# Went to our first Endurance ride today...



## Segreto (Apr 9, 2016)

Cooper will be 13 weeks old tomorrow, and today I took him to his first Endurance ride with me. I had initially arranged a puppy sitter for the day but that fell through, and I was concerned about taking him as he tends to be very vocal when he can't get to me.

I needn't have worried! A friend did drop by and take care of him for me whilst I rode (I was out nearly 2.5 hours) but she had him tied up at her float (horse trailer) and he was happy as larry. Watched all the horses and people with keen interest, no barking, no whining. Happily chewed on his toys and pigs ear.

When my ride finished she brought him back to me, and sure enough he was happy to sit there, hop in or out of my car as he pleased (tied up on a long ish rope), and was quiet- even when I was out of eyesight. I was over the moon.
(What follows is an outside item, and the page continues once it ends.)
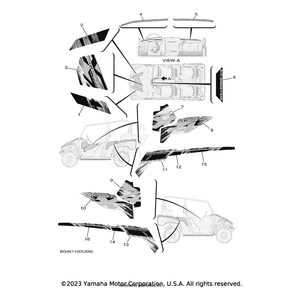 Graphic 3 by Yamaha BG4-F1599-90-00 OEM Hardware BG4-F1599-90-00 Off Road Express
He slept the entire drive back as well (hour and a half).

I didn't take any photos of him today (should have!) but this is him yesterday, both his ears are pointing one way at the moment!!









So yeah just a little brag but I am super super proud of my smart pup, and so happy that he is everything I wanted.


----------



## Castlemaid (Jun 29, 2006)

Nice!!! Looks like he is becoming very confident - he knew you'd come back for him!

Hope you enjoyed the ride, and what a nice feeling to know that you can take him anywhere, and he'll just chill and go with the flow. Very nice for a young pup!


----------



## Nigel (Jul 10, 2012)

I agree with Lucia, he sounds like a confident pup!


----------



## dogma13 (Mar 8, 2014)

Nice day for both of you!Keep up the good work!


----------